Here's a picture of me crossing a little stream on the bike.

More pictures of the trail. These rocks were very challenging to me going up and even more so going down.

This was the first destination. A small lake at just over 9,200 feet elevation. Where were were staying about 10 miles down the road was at 5,600 feet.

I think this is my favorite picture of the ride.

And a closeup with my ugly mug in it.

We were making good time and my confidence was building so we decided to make a run to the top. There were some no tresspassing signs that I hadn't remembered from the past, but they were off the trail and I decided that meant we could stay on the trail but just not to leave it.

The trail to the top is much steeper and rockier than the ride to the small lake. We didn't get any pictures on that part of the ride. At several points I was spinning the rear tire (I still have the stock trail wings on there for now) with both feet down on the ground helping to push the bike up the hill. Coming back down was even more difficult, the large rocks didn't help much while you are creeping down to a steep tight and loose switchback under heavy braking. They would just stop the front wheel in it's tracks and then I would have to catch the bike and get it over the rock and on down the trail. I talked to a couple experienced riders who have been to the top and they both said it was a very difficult trail for them as well. The margin of error if you got out of control going down is very slim.

Here's a picture from the top looking back on the switchbacks that we came up. At the very top left of the picture you can see the trail that I took a picture of looking back from where we stopped for our pit stop coming up.

Here's one with the bike in the picture. Yes that is snow and yes it was August 1st when we were there.

A couple more pictures to end on from the top. My GPS read 9,993 ft where I had the bike parked. Not that high compared to some spots in Colorado, but since we started at 5,600 feet less than 10 miles away we did some serious climbing to get there.

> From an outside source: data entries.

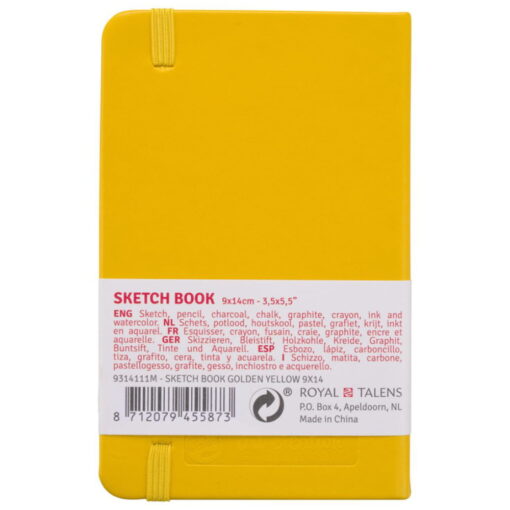 Caiete de schite Art Creation Sketchbook Yellow 9 x 14 cm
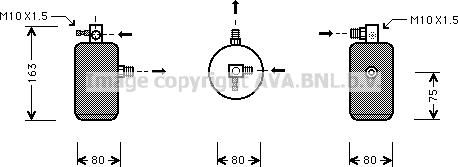 Prasco CND162 - Filtre déshydratant, climatisation droxauto.com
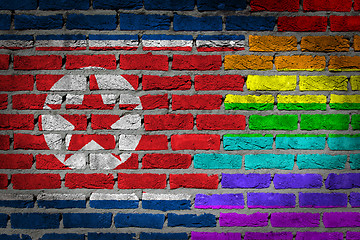 Image showing Dark brick wall - LGBT rights - North Korea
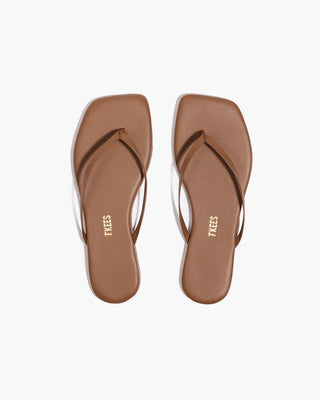 Square Toe Lilly Flip Flop - Ganache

I was happy to get the bike up and back down without dropping it. Probably not the wisest choice of trails for only having owned the bike for just over a week at the time but it worked out. It was much more difficult than I thought it would be compared to having ridden the same trail on an ATV in the past. Not sure if I will get better and this will change or if it will always be more challenging on the bike than on an ATV. It will probably be a while before I get to ride a trail anywhere close to as challenging as this one was (most likely until next year when I go back to Montana).

I did ride the DR on pavement for the first time and it rode pretty well I thought. I do think I am going to buy a full face street helmet to wear on longer rides where I won't be doing any serious off road action though, the off road helmet was really noisy and that little visor thing can sure catch some wind at 90.

Well that's the end of my first report. I had a great time and thought I would share my first real ride.